The MVP cost roughly $150,000-$200,000 to build. Pierre, leveraging his marketing background from his previous role, handled much of the website design himself using Figma, Photoshop, and Webflow—work that looked polished enough to seem agency-built.

Finding the First Customers

Clap's breakthrough came through a carefully orchestrated LinkedIn strategy. Pierre spent months iterating on positioning and narrative before making a public announcement, focusing on creating a new category rather than just another product. When they announced Clap in January 2024, the post generated 45,000 views and hundreds of beta signups. But the real traction driver came in April 2024 when they launched a meeting calculator—a free tool that connected to users' Google Calendars and showed them stats on their meeting load. This small product launch became a major lead generation engine and helped build their 3,000-person waitlist.

What Worked (and What Didn't)

The meeting calculator proved brilliant because it let users experience the problem Clap solved before they even tried the product. By April 2024, Clap had only about 100 monthly active users and 30-40 daily active users in closed private beta—small numbers, but enough to validate product-market fit signals.

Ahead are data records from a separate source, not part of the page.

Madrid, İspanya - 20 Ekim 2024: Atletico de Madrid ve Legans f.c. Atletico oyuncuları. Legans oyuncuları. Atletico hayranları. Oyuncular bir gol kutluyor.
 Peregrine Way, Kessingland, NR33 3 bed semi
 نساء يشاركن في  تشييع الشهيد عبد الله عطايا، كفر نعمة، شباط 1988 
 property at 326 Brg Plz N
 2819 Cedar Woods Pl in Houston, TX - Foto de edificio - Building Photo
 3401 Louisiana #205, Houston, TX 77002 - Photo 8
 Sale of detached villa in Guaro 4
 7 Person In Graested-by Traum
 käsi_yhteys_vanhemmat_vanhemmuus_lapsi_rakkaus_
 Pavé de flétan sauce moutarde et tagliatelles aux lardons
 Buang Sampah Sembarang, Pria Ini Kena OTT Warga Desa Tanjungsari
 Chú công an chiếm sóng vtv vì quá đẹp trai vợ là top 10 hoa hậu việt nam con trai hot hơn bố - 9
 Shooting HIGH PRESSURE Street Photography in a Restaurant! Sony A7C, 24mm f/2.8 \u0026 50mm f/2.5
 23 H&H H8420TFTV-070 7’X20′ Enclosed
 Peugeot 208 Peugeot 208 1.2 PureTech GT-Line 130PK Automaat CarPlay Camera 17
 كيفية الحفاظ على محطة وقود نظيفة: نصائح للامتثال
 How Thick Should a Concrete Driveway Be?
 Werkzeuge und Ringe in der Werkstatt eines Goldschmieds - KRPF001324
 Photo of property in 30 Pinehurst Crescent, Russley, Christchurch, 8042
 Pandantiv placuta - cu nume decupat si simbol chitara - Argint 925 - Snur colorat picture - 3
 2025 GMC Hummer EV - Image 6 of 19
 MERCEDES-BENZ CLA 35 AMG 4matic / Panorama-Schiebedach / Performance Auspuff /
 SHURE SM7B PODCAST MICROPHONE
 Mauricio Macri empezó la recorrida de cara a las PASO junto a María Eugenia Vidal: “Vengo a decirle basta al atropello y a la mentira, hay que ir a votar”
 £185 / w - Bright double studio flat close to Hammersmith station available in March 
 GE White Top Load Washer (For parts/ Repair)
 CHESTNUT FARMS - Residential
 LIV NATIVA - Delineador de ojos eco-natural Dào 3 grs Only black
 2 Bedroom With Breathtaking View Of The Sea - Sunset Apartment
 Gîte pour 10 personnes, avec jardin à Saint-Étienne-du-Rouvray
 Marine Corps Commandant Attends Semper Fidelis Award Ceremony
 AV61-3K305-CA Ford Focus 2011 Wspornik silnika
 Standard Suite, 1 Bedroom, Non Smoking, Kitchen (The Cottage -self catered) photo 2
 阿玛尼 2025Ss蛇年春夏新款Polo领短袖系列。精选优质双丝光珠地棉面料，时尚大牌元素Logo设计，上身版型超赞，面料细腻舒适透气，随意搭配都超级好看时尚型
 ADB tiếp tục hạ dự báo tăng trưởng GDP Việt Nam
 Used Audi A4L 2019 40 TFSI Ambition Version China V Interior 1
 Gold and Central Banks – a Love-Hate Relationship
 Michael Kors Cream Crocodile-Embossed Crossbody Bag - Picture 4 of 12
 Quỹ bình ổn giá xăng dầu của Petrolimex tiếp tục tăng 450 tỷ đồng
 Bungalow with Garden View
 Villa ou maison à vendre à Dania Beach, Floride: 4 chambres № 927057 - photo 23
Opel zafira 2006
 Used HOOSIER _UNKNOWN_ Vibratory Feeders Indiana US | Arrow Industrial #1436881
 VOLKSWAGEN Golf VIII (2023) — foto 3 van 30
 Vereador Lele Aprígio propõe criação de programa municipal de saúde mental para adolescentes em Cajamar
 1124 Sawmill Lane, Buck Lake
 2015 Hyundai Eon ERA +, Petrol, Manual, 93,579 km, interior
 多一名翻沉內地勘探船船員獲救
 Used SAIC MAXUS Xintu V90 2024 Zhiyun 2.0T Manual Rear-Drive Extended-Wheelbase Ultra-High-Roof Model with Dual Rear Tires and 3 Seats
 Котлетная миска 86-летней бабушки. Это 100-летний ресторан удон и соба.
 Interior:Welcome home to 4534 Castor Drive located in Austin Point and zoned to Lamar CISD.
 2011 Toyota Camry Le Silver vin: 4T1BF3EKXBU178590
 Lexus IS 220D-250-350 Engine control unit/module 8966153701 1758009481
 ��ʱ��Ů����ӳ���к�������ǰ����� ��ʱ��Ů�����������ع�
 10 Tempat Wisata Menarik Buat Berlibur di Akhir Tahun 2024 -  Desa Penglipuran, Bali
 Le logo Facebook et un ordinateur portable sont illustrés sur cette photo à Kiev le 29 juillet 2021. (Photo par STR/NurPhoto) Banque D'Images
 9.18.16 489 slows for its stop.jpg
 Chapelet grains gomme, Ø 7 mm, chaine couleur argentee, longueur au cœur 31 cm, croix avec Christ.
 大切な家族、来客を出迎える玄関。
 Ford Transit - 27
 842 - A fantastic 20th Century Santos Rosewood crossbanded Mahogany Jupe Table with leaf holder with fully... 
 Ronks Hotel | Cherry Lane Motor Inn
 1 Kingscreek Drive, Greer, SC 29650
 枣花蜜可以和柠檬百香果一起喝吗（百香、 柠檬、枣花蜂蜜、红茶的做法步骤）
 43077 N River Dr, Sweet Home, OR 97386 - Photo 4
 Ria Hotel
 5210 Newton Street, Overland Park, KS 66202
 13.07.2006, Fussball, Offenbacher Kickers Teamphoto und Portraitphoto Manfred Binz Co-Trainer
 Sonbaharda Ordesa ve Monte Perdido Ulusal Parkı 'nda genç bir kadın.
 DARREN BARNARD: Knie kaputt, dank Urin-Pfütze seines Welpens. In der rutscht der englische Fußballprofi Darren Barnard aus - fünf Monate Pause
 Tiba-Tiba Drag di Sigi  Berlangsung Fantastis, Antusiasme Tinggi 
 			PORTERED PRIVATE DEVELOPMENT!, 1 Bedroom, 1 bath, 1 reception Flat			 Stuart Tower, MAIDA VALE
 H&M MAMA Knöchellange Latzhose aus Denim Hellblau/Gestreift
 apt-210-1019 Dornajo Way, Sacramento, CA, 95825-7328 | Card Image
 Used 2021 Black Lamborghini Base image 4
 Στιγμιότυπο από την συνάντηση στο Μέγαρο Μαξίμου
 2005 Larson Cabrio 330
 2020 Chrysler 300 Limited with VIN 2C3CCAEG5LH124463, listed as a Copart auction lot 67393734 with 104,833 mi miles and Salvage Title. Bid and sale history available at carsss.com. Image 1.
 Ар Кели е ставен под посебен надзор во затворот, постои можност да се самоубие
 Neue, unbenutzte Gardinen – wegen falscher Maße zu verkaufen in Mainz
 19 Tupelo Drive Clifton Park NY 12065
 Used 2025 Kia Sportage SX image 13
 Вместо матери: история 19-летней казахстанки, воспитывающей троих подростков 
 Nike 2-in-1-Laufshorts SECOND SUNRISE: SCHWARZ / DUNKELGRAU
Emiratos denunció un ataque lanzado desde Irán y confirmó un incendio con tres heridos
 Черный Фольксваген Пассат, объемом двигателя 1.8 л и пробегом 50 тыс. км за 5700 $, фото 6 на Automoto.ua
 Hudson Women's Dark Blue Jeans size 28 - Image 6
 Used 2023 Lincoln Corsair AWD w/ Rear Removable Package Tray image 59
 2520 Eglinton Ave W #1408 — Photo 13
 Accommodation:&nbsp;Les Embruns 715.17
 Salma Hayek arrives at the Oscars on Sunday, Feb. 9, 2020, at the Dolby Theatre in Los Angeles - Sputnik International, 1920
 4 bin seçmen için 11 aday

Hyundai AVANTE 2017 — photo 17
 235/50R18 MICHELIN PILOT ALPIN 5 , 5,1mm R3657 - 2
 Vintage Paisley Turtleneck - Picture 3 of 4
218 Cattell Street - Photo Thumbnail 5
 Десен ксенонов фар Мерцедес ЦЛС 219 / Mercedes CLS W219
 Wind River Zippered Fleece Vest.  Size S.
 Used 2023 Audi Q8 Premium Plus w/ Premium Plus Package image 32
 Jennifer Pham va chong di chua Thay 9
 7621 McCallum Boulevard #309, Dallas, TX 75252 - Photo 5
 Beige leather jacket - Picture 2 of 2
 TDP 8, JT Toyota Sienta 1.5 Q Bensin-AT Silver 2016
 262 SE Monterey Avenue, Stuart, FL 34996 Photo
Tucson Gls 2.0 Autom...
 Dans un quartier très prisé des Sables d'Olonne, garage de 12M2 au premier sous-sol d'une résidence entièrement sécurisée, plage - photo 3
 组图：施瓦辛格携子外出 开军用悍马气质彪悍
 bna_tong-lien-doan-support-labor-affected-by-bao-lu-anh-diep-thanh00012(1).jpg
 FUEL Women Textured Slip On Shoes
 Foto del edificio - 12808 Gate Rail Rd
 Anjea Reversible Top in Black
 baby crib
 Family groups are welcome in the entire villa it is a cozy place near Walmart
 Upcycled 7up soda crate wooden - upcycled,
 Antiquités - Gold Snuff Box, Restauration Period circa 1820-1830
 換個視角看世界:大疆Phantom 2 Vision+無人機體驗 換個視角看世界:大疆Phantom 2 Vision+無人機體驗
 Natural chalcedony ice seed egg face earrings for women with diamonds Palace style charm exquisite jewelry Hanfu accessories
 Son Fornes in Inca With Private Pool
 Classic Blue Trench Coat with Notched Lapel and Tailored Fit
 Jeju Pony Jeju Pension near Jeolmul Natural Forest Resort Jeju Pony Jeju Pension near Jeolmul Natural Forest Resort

The fundraising announcement in June 2024 was equally calculated. Pierre wanted to raise $500,000initially, but the combination of strong narrative, proven concept, and public momentum created a bidding war. Within three weeks, they had 15 term sheets. The competition drove their raise from $500K to $3 million at a $17.5M post-money valuation—all before launching publicly or generating revenue. By September 2024, the team had grown to nine people with five engineers.

Where They Are Now

Clap remains in private beta with plans to accelerate onboarding in September and open public beta by year-end 2024 or early 2025. Pricing will be usage-based, likely $10-$20 per month per video creator with variable features and future additions like polls, video feedback, and voice feedback. The product addresses a universal pain point—back-to-back meetings—but initial go-to-market targets product teams, who have the most visual, context-heavy collaboration needs. Pierre believes the long-term vision is democratizing asynchronous decision-making across entire companies, not just one function.